Portanto, não é surpreendente que a única outra amiga que Diana parece ter neste lugar cavernoso proibitivo seja sua penteadeira Maggie (uma adorável e calorosa Sally Hawkins). Novamente, como em "Jackie", em que Greta Gerwig desempenhou um papel um tanto análogo, Larraín está perfeitamente ciente do potencial libertador das amizades femininas para mulheres em circunstâncias difíceis e aprisionadas, mesmo que a relação seja entre empregador e empregado, ou aqui, princesa e plebeu. Mas, fora os filhos de Maggie e Diana, William e Harry (William, especialmente, sai de "Spencer" muito bem; uma criança doce altamente sensível ao estado frágil de sua mãe amorosa), Diana parece totalmente sozinha. Especialmente quando sendo espionado por uma falange de servos chefiados pelo escudeiro de Timothy Spall, cujo desdém pelo desrespeito de Diana às regras e tradições da realeza podia ser medido, como a distância entre a ponta do nariz e o lábio superior, em acres. Sob sua vigilância negra, Diana é para sempre vislumbrada entrando nos quartos depois que todos os outros saíram, ou rastejando para a despensa para se empanturrar tarde da noite, ou inclinando-se turva sobre o vaso sanitário em que ela acabou de vomitar, seu vestido de tule reluzente de conto de fadas espalhou-se dolorosamente ao redor dela no chão do banheiro.
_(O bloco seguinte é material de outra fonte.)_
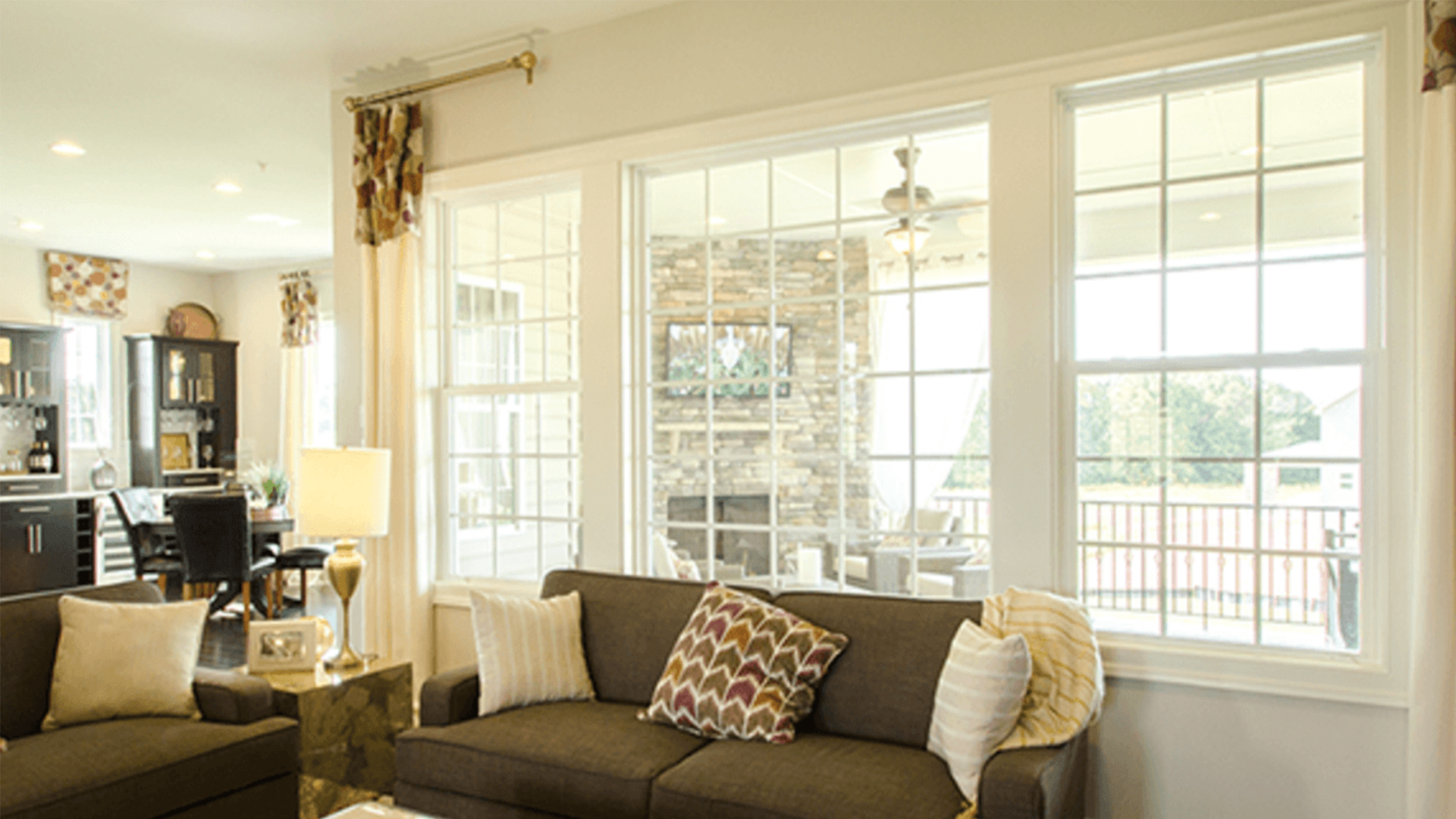 A living room with a couch , two couches , a table , and a lot of windows.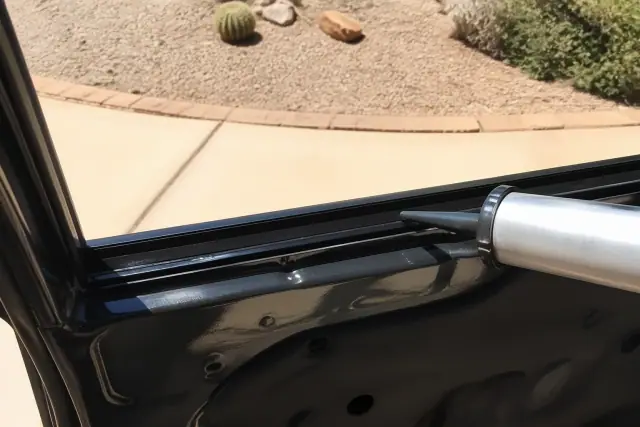Contractor applying adhesive to a door window frame for side glass replacement in Goodyear, AZ.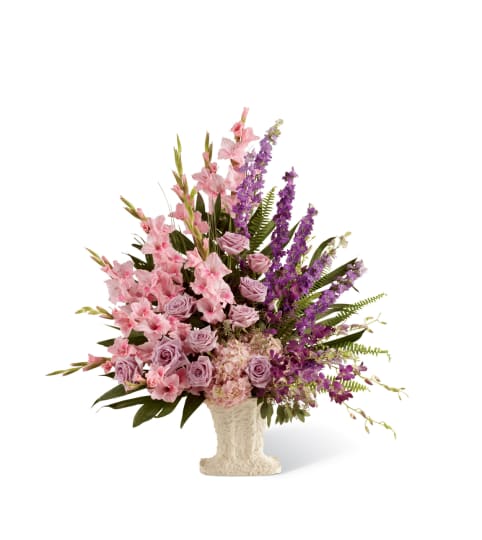 The FTD® Flowing Garden™ Arrangement. An arrangement by Country Cousins Flower Shop.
Esses três dias marcam um pequeno movimento em direção à liberação de Diana, mas é tudo interno. Ela tem apenas uma interação com a Rainha - que é notável por sua franqueza e surpreendente falta de animosidade - e apenas mais um casal com seu ex-marido (Jack Farthing). Durante uma delas, ele reclama com ela que ele é o menos noticiado do casal porque "Eu mantenho minhas cortinas fechadas" - um comentário irônico para alguém que logo será gravado desejando ser o absorvente interno de outra mulher em um telefonema. Mas também é verdade que Charles nunca foi sujeito do tipo de escrutínio que custaria tanto a sua esposa, e também é verdade que mesmo depois que ele se for, Charles nunca terá um filme biográfico como "Spencer", se é que é filme biográfico.


Sob as melodias absolutamente lindas da trilha sonora de Jonny Greenwood que absolutamente deveria ser ganhadora do Oscar (entre esta e "The Power of the Dog" de Jane Campion, Greenwood já é indiscutivelmente o MVP musical de Veneza), Diana chora e luta, falha e quebra, ela bate as mãos nas paredes de seu confinamento e rasga as cortinas costuradas de seu quarto como uma heroína do melodrama dos anos 1950 observada através do prisma estilhaçado da obsessão por celebridades modernas. "Eles vão me matar?" ela pergunta brincando em um ponto, e depois, menos jocosamente e com mais desgraça em sua voz aveludada, "Está definido. É como se tudo já tivesse acontecido. ” Essa é a desavergonhada abordagem de Larraín - ele não sente nenhum escrúpulo em reverter a tragédia da morte prematura de Diana em seu presente vivo, e ainda conseguiu fazer uma declaração desafiadoramente não comercial, estranha, espirituosa e peculiarmente pessoal sobre talvez o mais financeiramente bem -conhecida mulher trágica do século XX. Todas as pessoas certas vão odiar “Spencer”. Isso é tão bom.